Egypt’s central bank on Tuesday affirmed its inflation forecast of 13 percent in the fourth quarter of the year after the temporary effect of fiscal supply shocks dissipates.
“As the recently implemented fiscal consolidation measures were anticipated, the MPC decided in its recent meetings that existing policy rates remain appropriate to align the inflation outlook with the targeted disinflation path announced in May 2017.” the central bank said in its latest monetary policy report.
Egypt’s real GDP is expected to continue benefiting from structural reform measures, while potential fiscal consolidation measures may temporarily slowdown the recovery of private consumption, the report showed.

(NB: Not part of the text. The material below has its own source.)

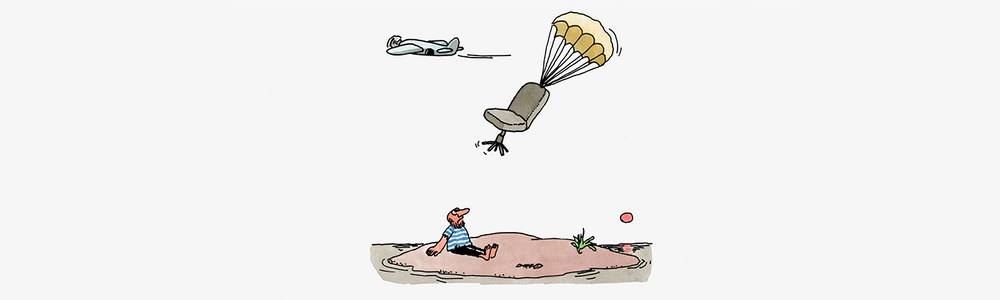 Karikatur von Heinz Jankofsky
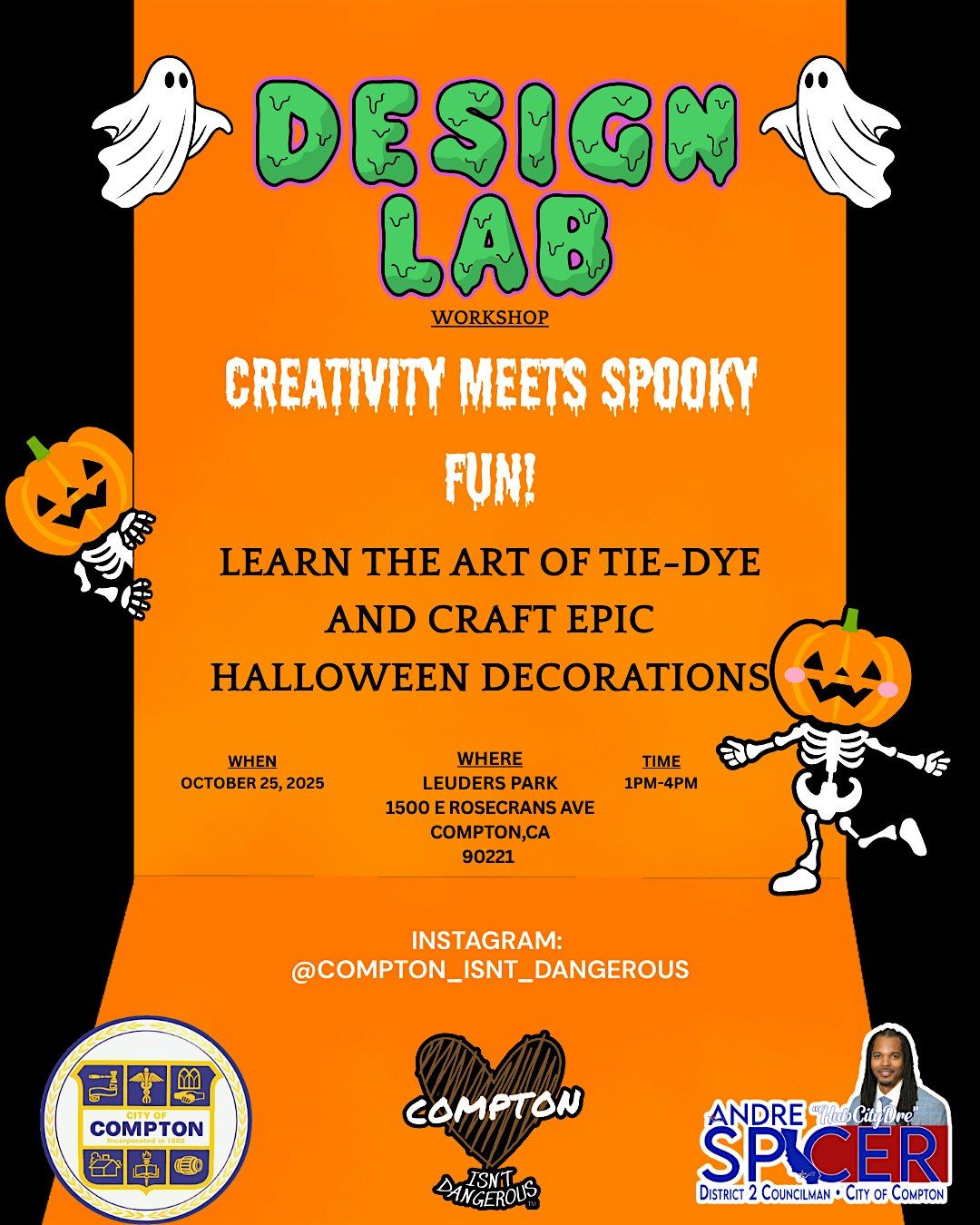 DESIGN LAB WORKSHOP:Creativity Meets Spooky Fun!, 25 October | Event in Compton | AllEvents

Net exports and investments are expected to continue complementing consumption as growth engines, it added.
The overall fiscal deficit is budgeted to decline to 8.4 percent of GDP in the financial year 2018/19, compared to an expected 9.8 percent in 2017/18 and 10.9 percent in 2016/17, and is targeted to continue declining thereafter.
“Meanwhile, the primary fiscal balance is budgeted to record a surplus of 2.0 percent of GDP in 2018/19, compared to an estimated surplus of 0.2 percent of GDP in 2017/18 and a deficit of 1.8 percent of GDP in 2016/17, with the aim of maintaining this surplus thereafter.” the report read.